■ **Entries shown**
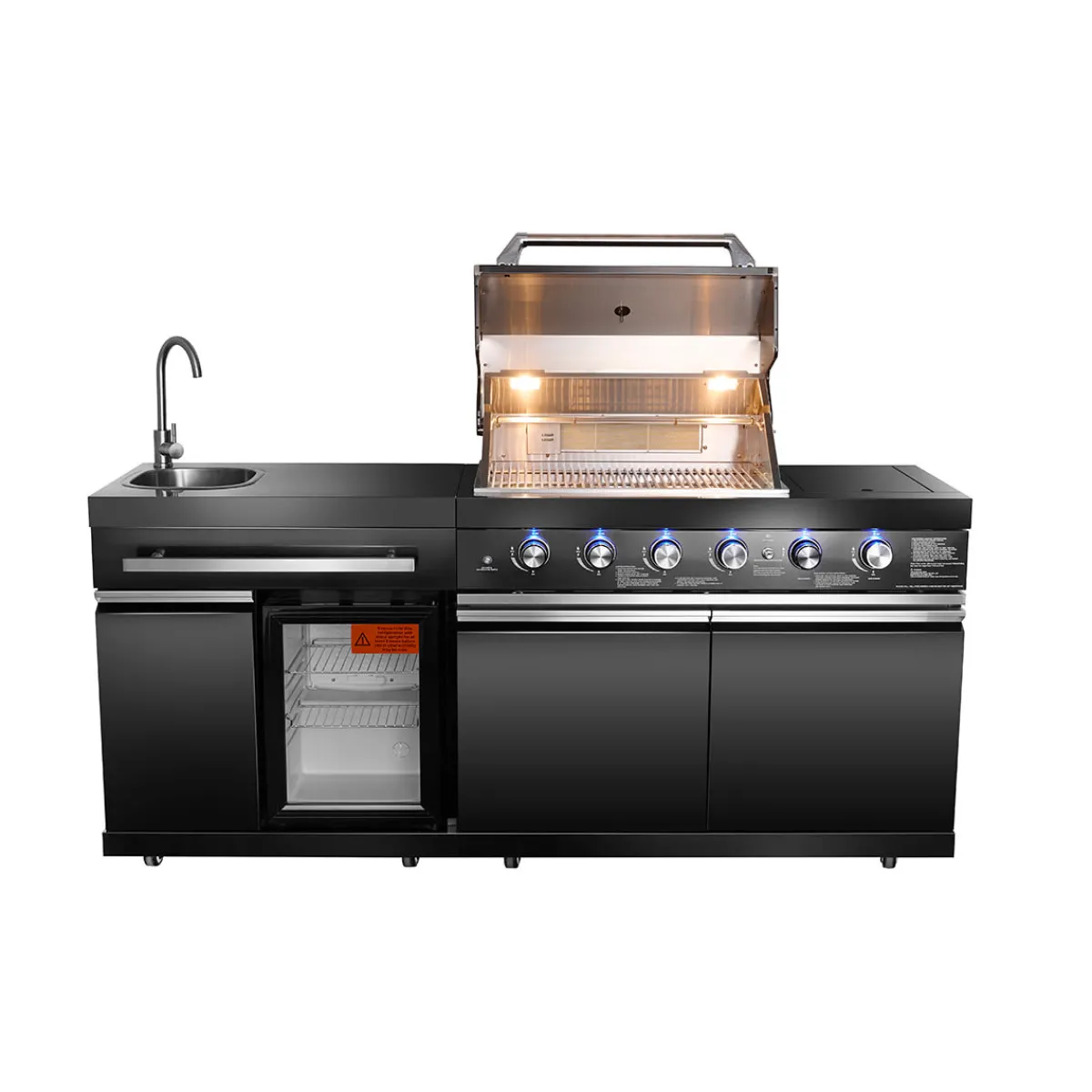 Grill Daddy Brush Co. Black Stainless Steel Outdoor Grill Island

--

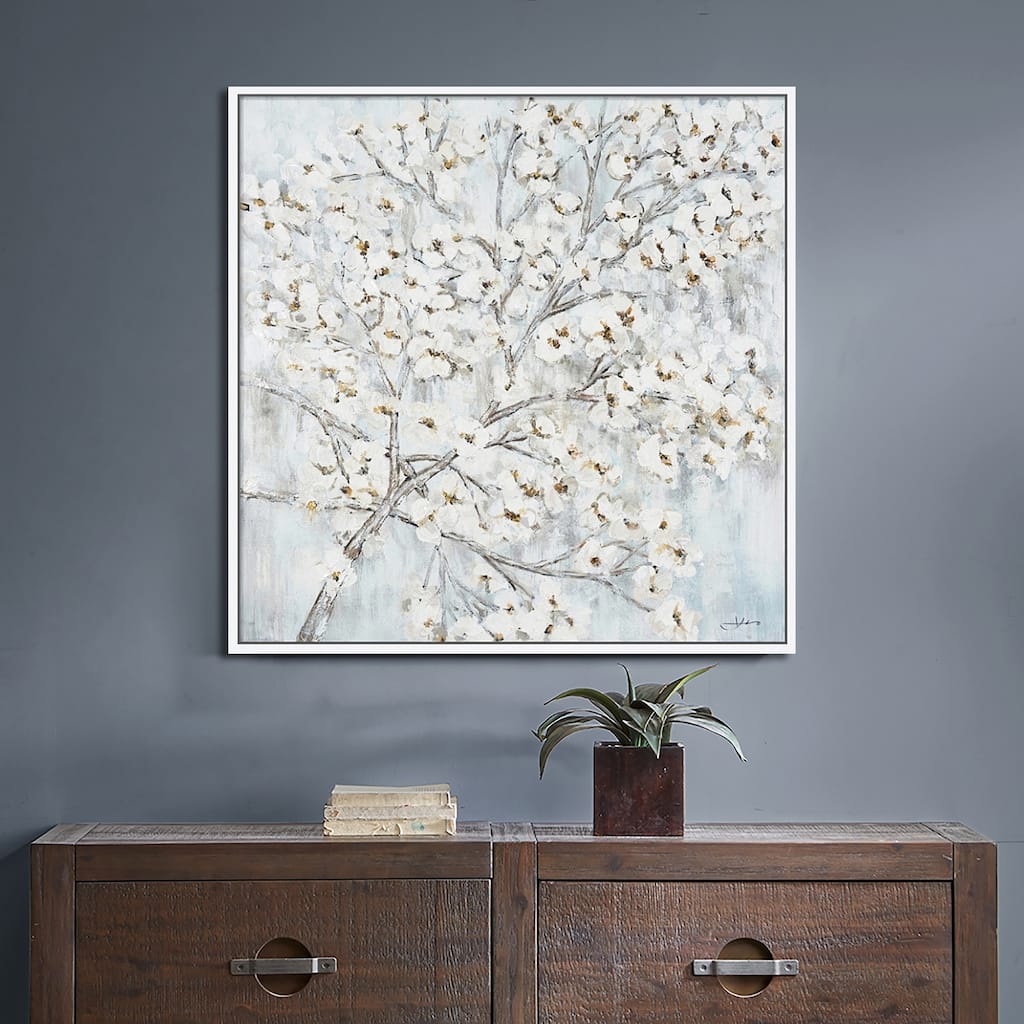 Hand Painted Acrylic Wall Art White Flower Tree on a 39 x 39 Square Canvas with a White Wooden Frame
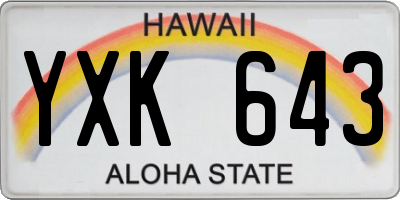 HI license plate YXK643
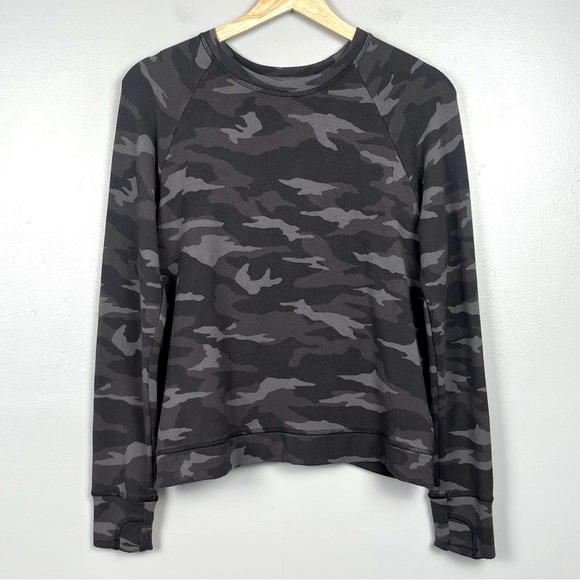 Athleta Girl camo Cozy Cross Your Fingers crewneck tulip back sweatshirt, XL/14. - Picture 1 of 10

■ **Exercise**
Although the records above contain pictures, the copy must not; set down exactly the lines from the one with "Hand Painted Acrylic" up to and including the one with "Athleta Girl camo".

■ **Exercise response**
 Hand Painted Acrylic Wall Art White Flower Tree on a 39 x 39 Square Canvas with a White Wooden Frame
 HI license plate YXK643
 Athleta Girl camo Cozy Cross Your Fingers crewneck tulip back sweatshirt, XL/14. - Picture 1 of 10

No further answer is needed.